Following the success of their breakthrough LP It’s Just Begun in 1972, the Jimmy Castor Bunch released a string of albums on RCA and then Atlantic. None did nearly as well as It’s Just Begun, which had been powered by the novelty single “Troglodyte (Cave Man),” a #4 R&B and #6 pop hit that spent 14 weeks on the charts and sold over a million copies.
“Troglodyte (Cave Man)” introduced the character of Bertha Butt, who would re-appear in several future JCB songs. Notably “The Bertha Butt Boogie” from their 1974 LP Butt of Course…, which featured an even funkier track on the B-side of the single released in international markets, the great “E-Man Boogie.”
Despite the numerous novelty songs they recorded, the Jimmy Castor Bunch was a skilled, innovative, hardcore funk outfit. They not only produced some of the funkiest music of the 70s, but were versatile enough to create albums full of many different sounds. On the Butt of Course… LP, they blended funk with psychedelia on “Hallucinations” and stepped into Thom Bell-Linda Creed territory both with their jazz-infused cover of “You Make Me Feel Brand New,” and the beautiful original ballad “One Precious Word.”
In 1975, they released Supersound, their sixth studio LP and third for Atlantic.
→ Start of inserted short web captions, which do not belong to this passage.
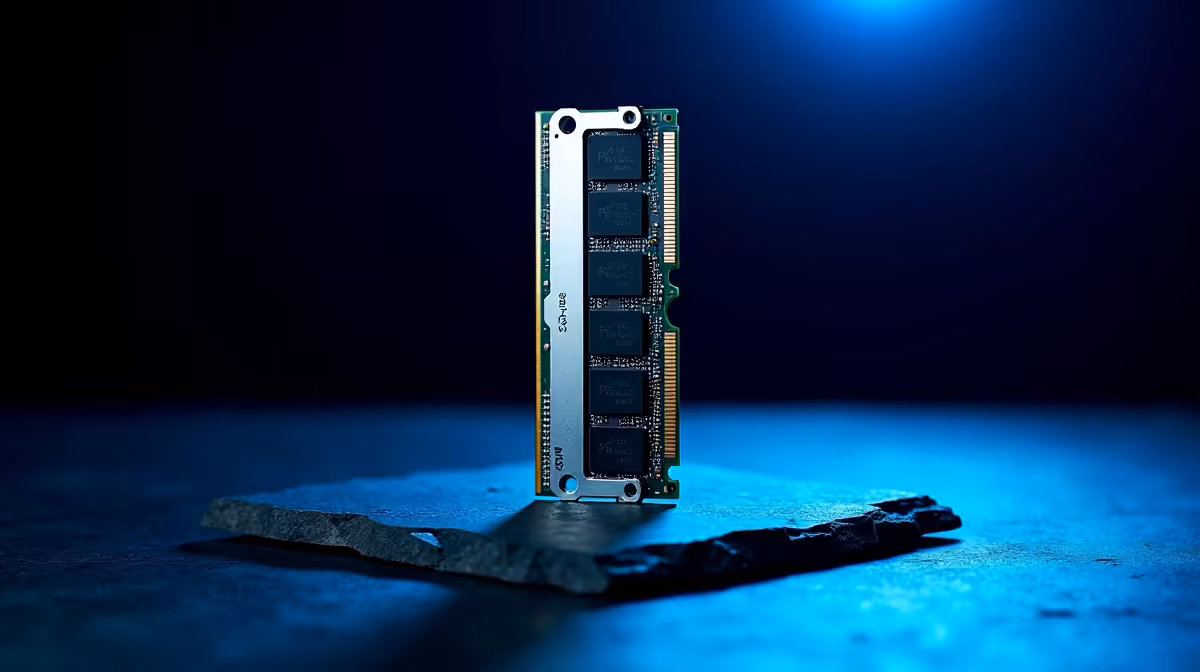 DDR5 vs Older Memory Standards for Workstations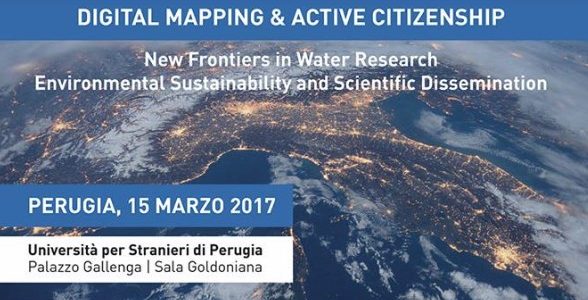 2° DIGITAL MAPPING & ACTIVE CITIZENSHIP Workshop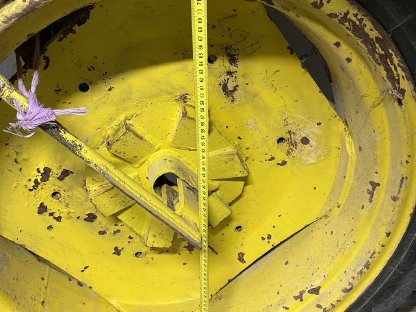 Bild 4:Zwillingsbereifung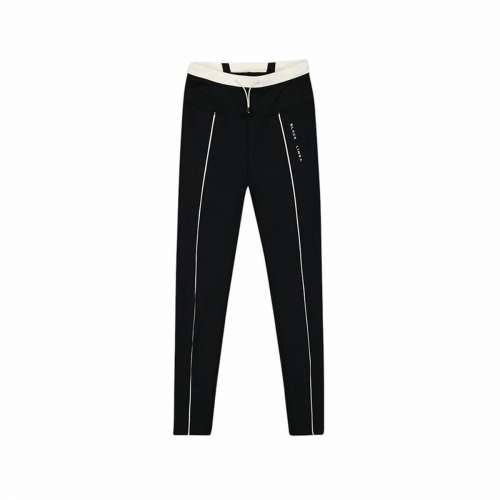 Ženske Sportske Tajice Black Limba Streetflex Crna Cijena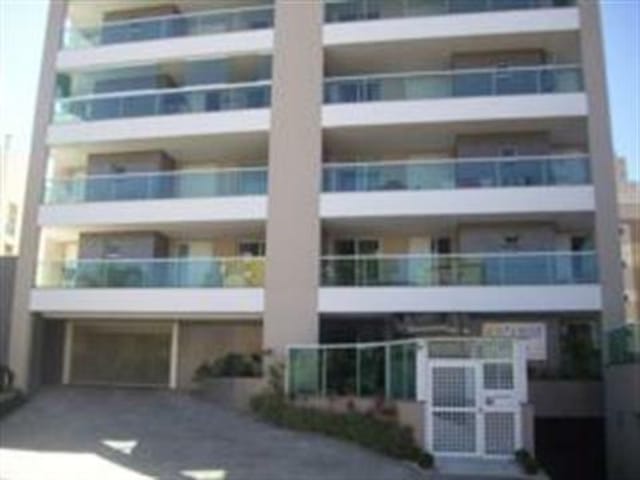 Foto do Apartamento - Apartamento residencial à venda, Parque Campolim, Sorocaba - AP3567. | Ary Proenca Negócios Imobiliários Ltda
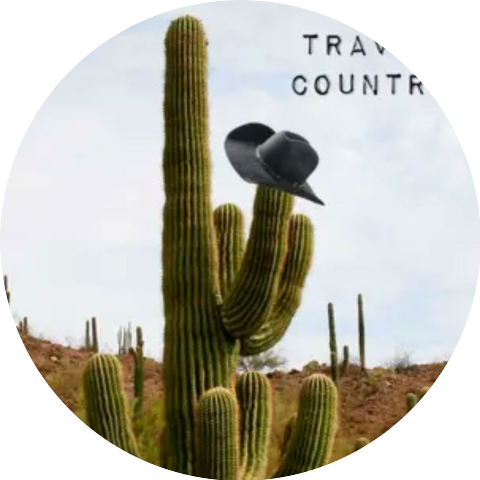 Travis Country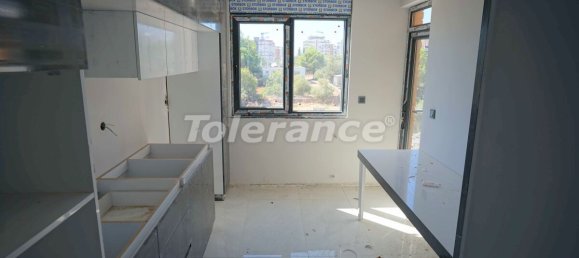 Apartment 3+1 in Kepez, Turkey No. 4087 8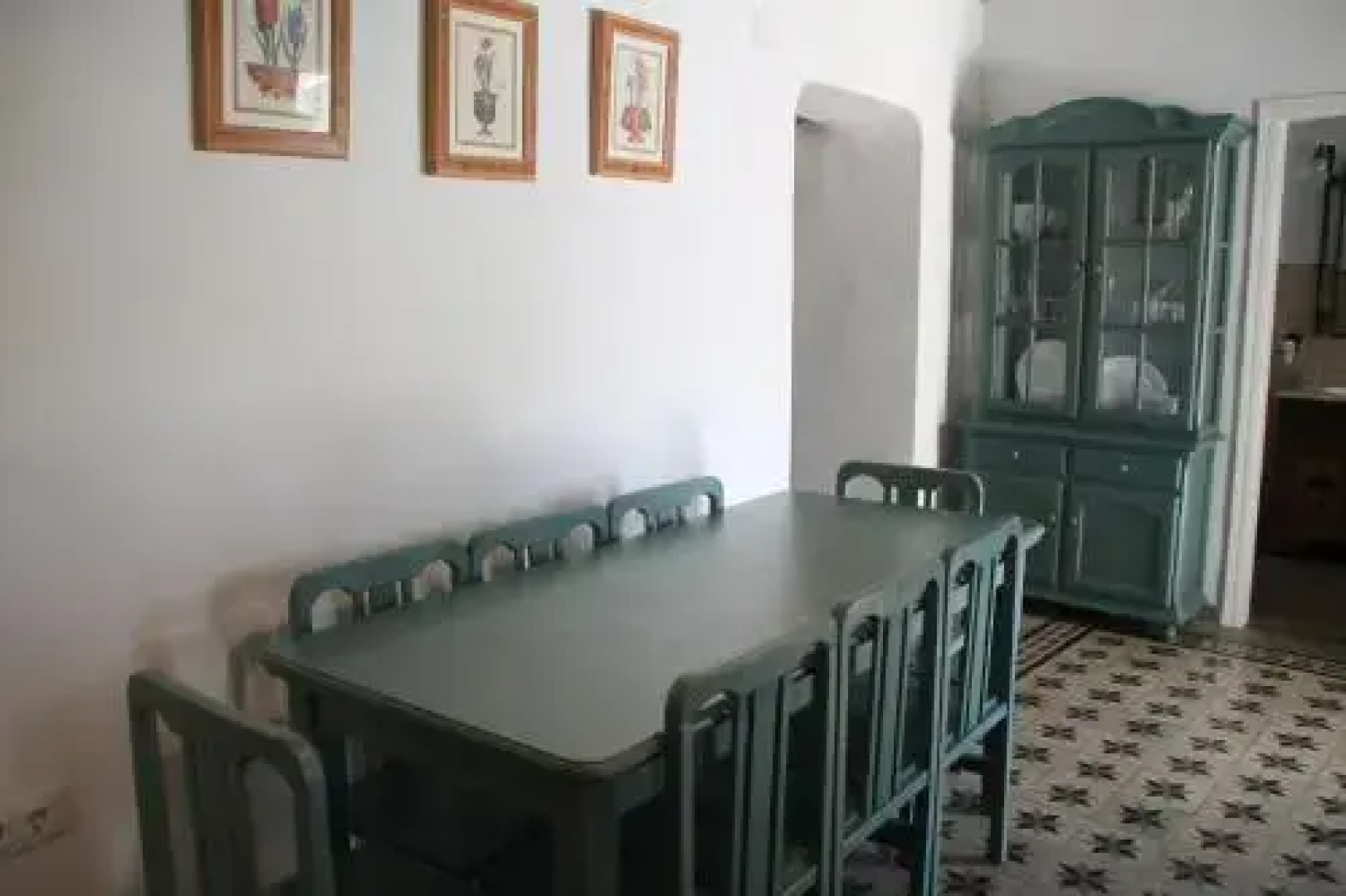 La Fuente De El Nacimiento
It was co-produced by Castor and John Pruitt, his songwriting partner and co-owner of their production company Castor-Pruitt Productions.
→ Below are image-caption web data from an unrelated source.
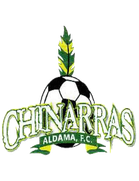 Chinarras de Aldama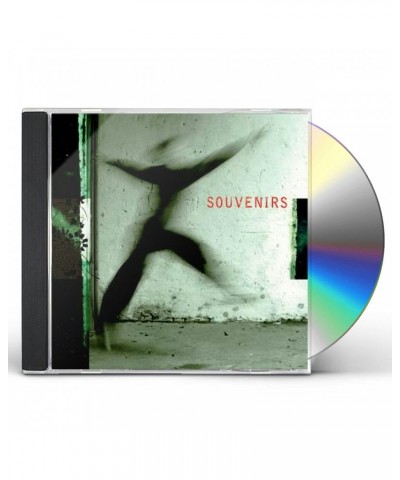 Gathering SOUVENIRS CD $4.87 CD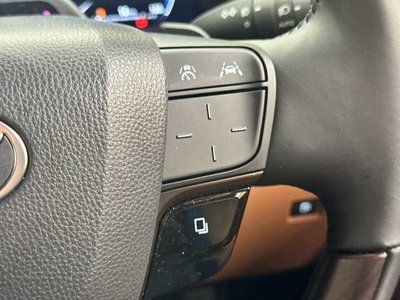 2026 Toyota VELLFIRE 照片 6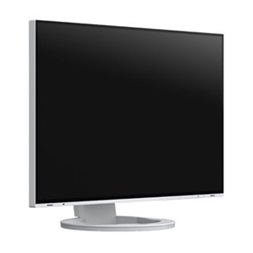 Eizo 24" EV2485-WT FlexScan EcoView-Serie Ultra-Slim WUXGA IPS DP/HDMI/USB/USB-C fehér monitor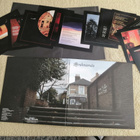 AREKNAMES - Love Hate Round Trip LP - pikkukuva 1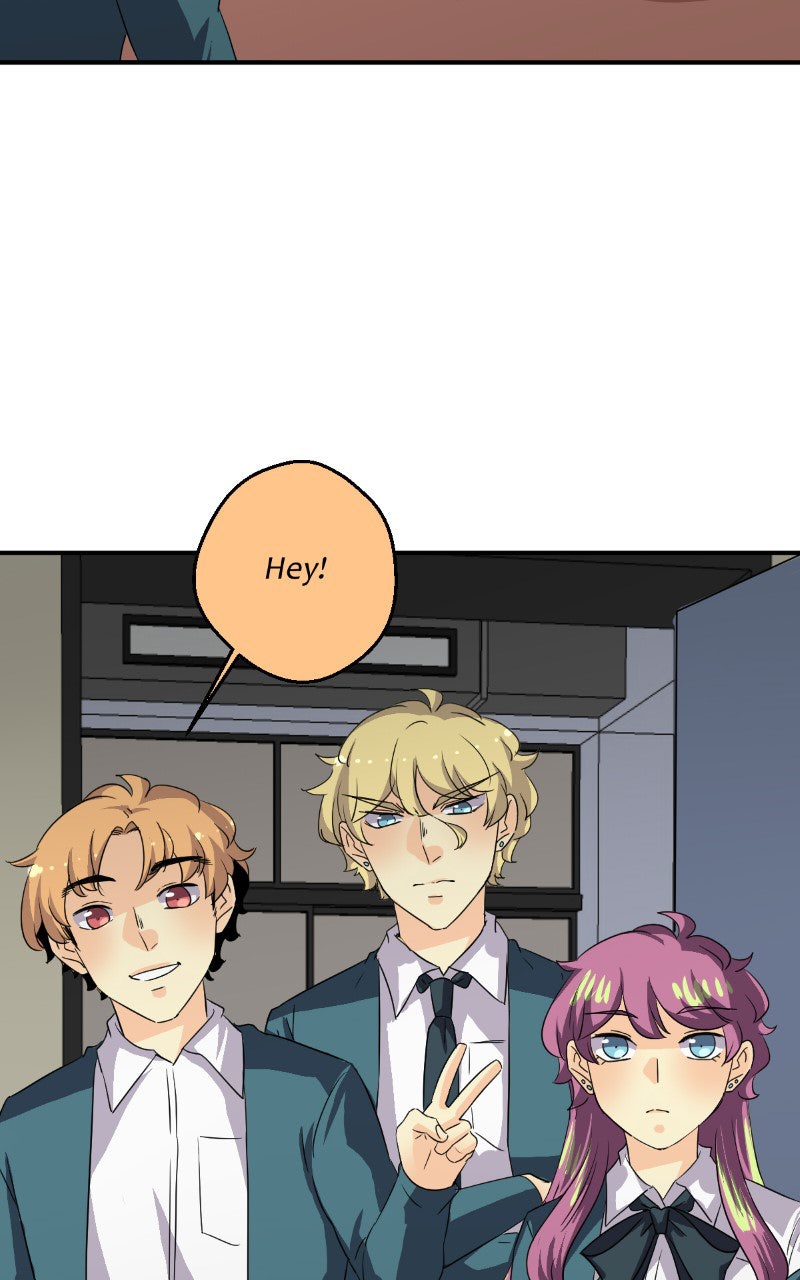 Read unOrdinary EN Manga Online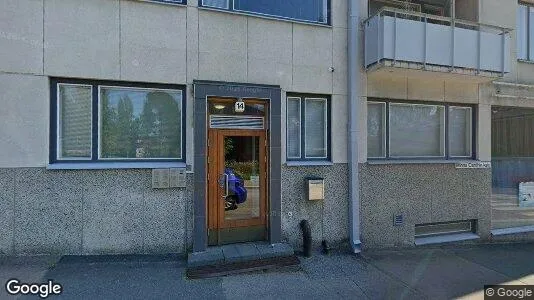 Apartments for rent in Jyväskylä - Photo from Google Street View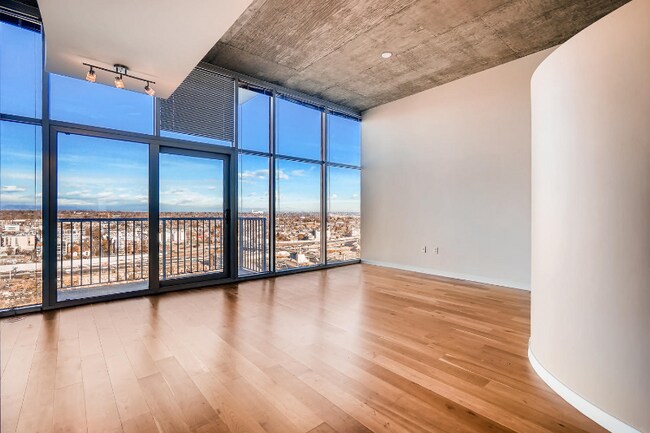 Foto del edificio - 1700 Bassett St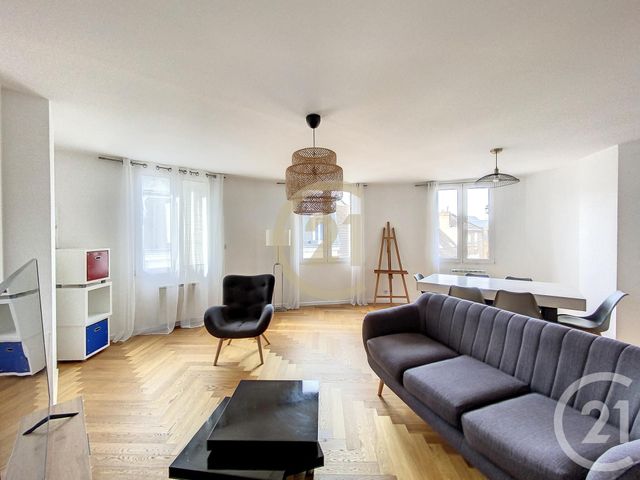 appartement - SENS - 89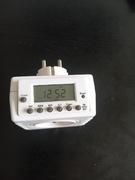 programator czasowy  ZEXT HWD-EF02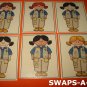 Mini Little Bits Senior SWAPS Kit for Girl Kids Scout makes 25
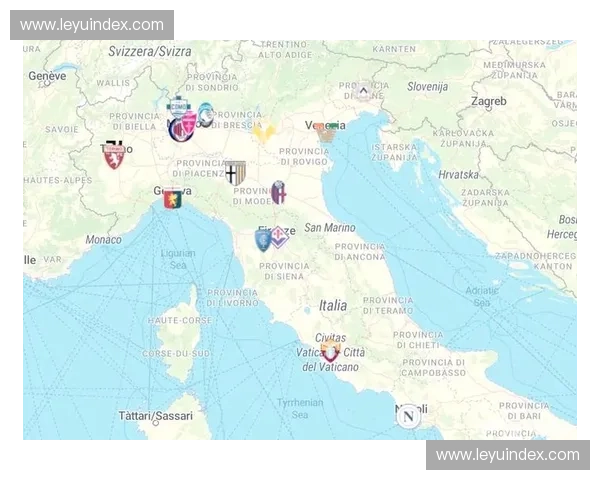 意甲财政困境催生战术务实化，中小球队青训投入增长210%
The album's first single was “King Kong - Part 1,” which landed at #23 R&B. Then came the funk bomb title track (with lyrics boasting Supersound was “more powerful than...Bertha Butt!”), which was released as a single in early 1976 with “Drifting” on the flip and reached #42 R&B.
But the album’s masterpiece was the non-single cut that opened its second side. “A Groove Will Make You Move” was written by Castor’s drummer, Ellwood Henderson, Jr., who co-arranged it with Castor. It was engineered by Tony Bongiovi, who co-produced early disco hits like “Dream World” by Don Downing, “I'll Be Holding On” by Al Downing, and Gloria Gaynor's “Never Can Say Goodbye.”
Like the rest of Supersound, it featured Henderson on drums and Gerry Thomas on keyboards, who was also a member of the Fatback Band and arranged horns and strings on several other superb Supersound tracks like the mellow instrumental “Drifting” and the beautiful slow jam “What's Best.” Jeffrey Grimes played guitar and sitar, Doug Gibson was on bass, Lenny Fridie played the triangle and congas, and Castor handled vocals, soprano sax, and timbales.
On February 14, 1975, the Jimmy Castor Bunch performed “A Groove Will Make You Move” live on Soul Train.
If all the great music on Supersound wasn’t enough, the back cover also revealed the origin story of the Everything Man, Castor’s superhero alter ego. “Super musician, super performer!”
#funk #soul #EverythingMan #JimmyCastor
Good read. Didn't know there was more than one jam that featured the Bertha Butt character. Fascinating.